"When I hit them, I like to see their eyes glaze over and roll back." Those now famous words were spoken in an 1988 interview by then-Saints starting inside linebacker Vaughan Johnson, regarding his knack for delivering bone-crunching hits --- as a member of the legendary "Dome Patrol" defense during the late 1980's and early 1990's.
But long before Johnson was "bringing the pain" to opposing ball-carriers in the NFL, he first had to take an interesting path to NFL stardom from some humble and unassuming roots that were firmly entrenched in his beloved hometown, inside a region that's known among locals as "Coastal Carolina".
Morehead City, in Carteret County, North Carolina, to be exact.
In this seaside resort of almost 9,000 people, light commercial fishing, sport fishing and scuba diving are among just a handful of the local past times for a community that thrives on its close relationship with the tourist industry; thanks to its close physical proximity to the Gulf Stream --- a powerful, warm and swift Atlantic Ocean current that originates at the tip of Florida and flows up the coastline of the eastern United States, which has turned this North Carolina coastal town into a vacationer's paradise.
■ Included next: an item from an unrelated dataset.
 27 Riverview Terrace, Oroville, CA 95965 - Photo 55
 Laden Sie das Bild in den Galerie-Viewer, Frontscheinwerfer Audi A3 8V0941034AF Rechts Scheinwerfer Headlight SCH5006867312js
It's also in Morehead City where some 40 plus years ago, a high school football player emerged to become one of this community's legendary hometown heroes; after his hard-hitting style of play made him one of the sport's most feared and well-respected defensive players.
That player's name was Vaughan Johnson, whose 6-foot-3, 235 pound frame made him a man among boys at only 16 years old.
The former West Carteret High School Patriots linebacker was a prep superstar, earning All-Conference and All-State recognition; and his unique and bone-jarring tackling style caught the eye of then-North Carolina State head coach Monte Kiffin.
Kiffin recruited Johnson and brought him to N.C. State; and it was under Kiffin's tutelage along with additional guidance from linebackers coach Greg Robinson (whom Johnson credits for helping him further develop his hard-hitting style of play) that would allow Johnson to become All-Atlantic Coast Conference and a 2-time AP All-American at inside linebacker for the Wolfpack.
When the upstart United States Football League (USFL) held its 1984 Draft in January of that year, Johnson bypassed an opportunity to play in the NFL to join the USFL team that had drafted him: the brand new USFL expansion team, the Jacksonville Bulls.
Johnson told Carteret County News-Times staff writer J.J. Smith in an interview a few years ago that he actually could have ended up instead with the Dallas Cowboys.
“In my senior year at State, I had (Dallas Cowboys coach) Tom Landry writing me handwritten letters, asking me not go to the USFL,” said Johnson. “He said Dallas was going to take me in the first round. That was a big-time thing to have Tom Landry writing you letters. They came just about every week.
“But I was young, and I didn’t know any better. And Florida was a big attraction to me. At least I knew where I was going to go. I didn’t want to go somewhere where I didn’t want to be. If I went in the NFL Draft, there was no guarantee I would have went to Dallas. I could have ended up in Green Bay, freezing to death with a bad team.”
But while all of this was going on, the NFL held a draft for college seniors who had already signed with either the USFL or the Canadian Football League on June 5, 1984, in New York City in an attempt to head off a bidding war in its own ranks for USFL and CFL players.
28 NFL teams (before they expanded to 32) chose 84 players from 224 available during the three-round selection meeting. The draft was for players who would have been eligible for the regular 1984 NFL draft, but who had already signed a contract with either a team from the USFL or CFL prior to the regular 1984 NFL Draft.
The draft was implemented primarily with the fledgling USFL in mind. The owners wanted to ensure there would not be a large influx of free agent talent in case the USFL suddenly collapsed --- which is exactly what happened after the League completed its 3rd season in the summer of 1985.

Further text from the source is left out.